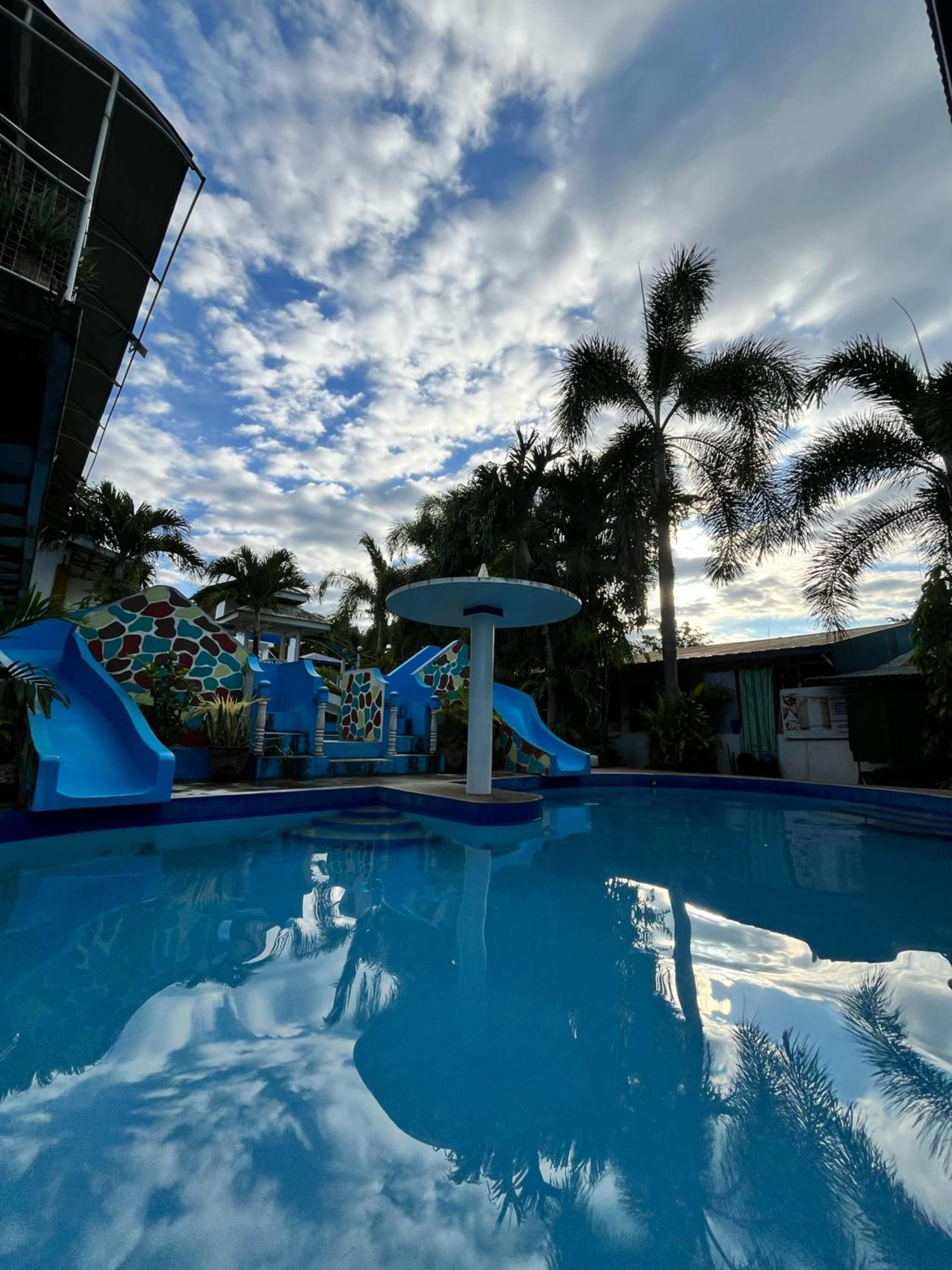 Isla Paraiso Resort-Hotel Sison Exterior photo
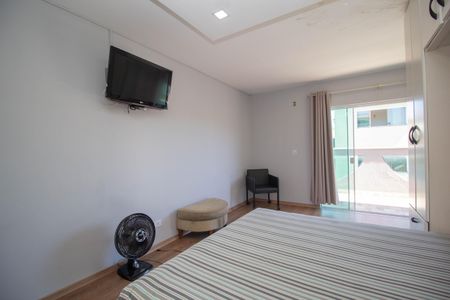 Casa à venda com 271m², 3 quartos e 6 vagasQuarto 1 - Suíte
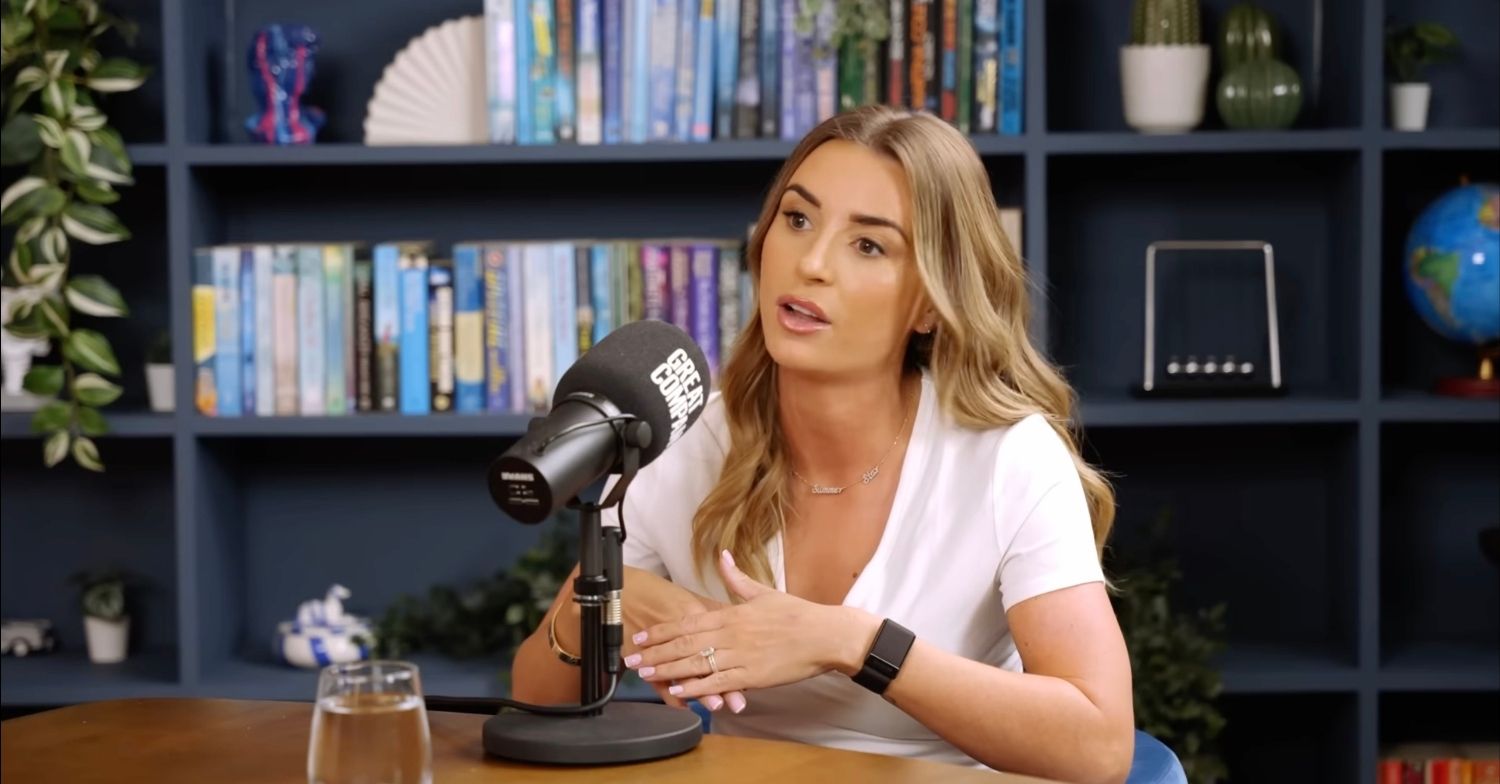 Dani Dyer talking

Your objective: Leaving aside the pictures, copy the listing above exactly.

The answer:
 Isla Paraiso Resort-Hotel Sison Exterior photo
 Casa à venda com 271m², 3 quartos e 6 vagasQuarto 1 - Suíte
 Dani Dyer talking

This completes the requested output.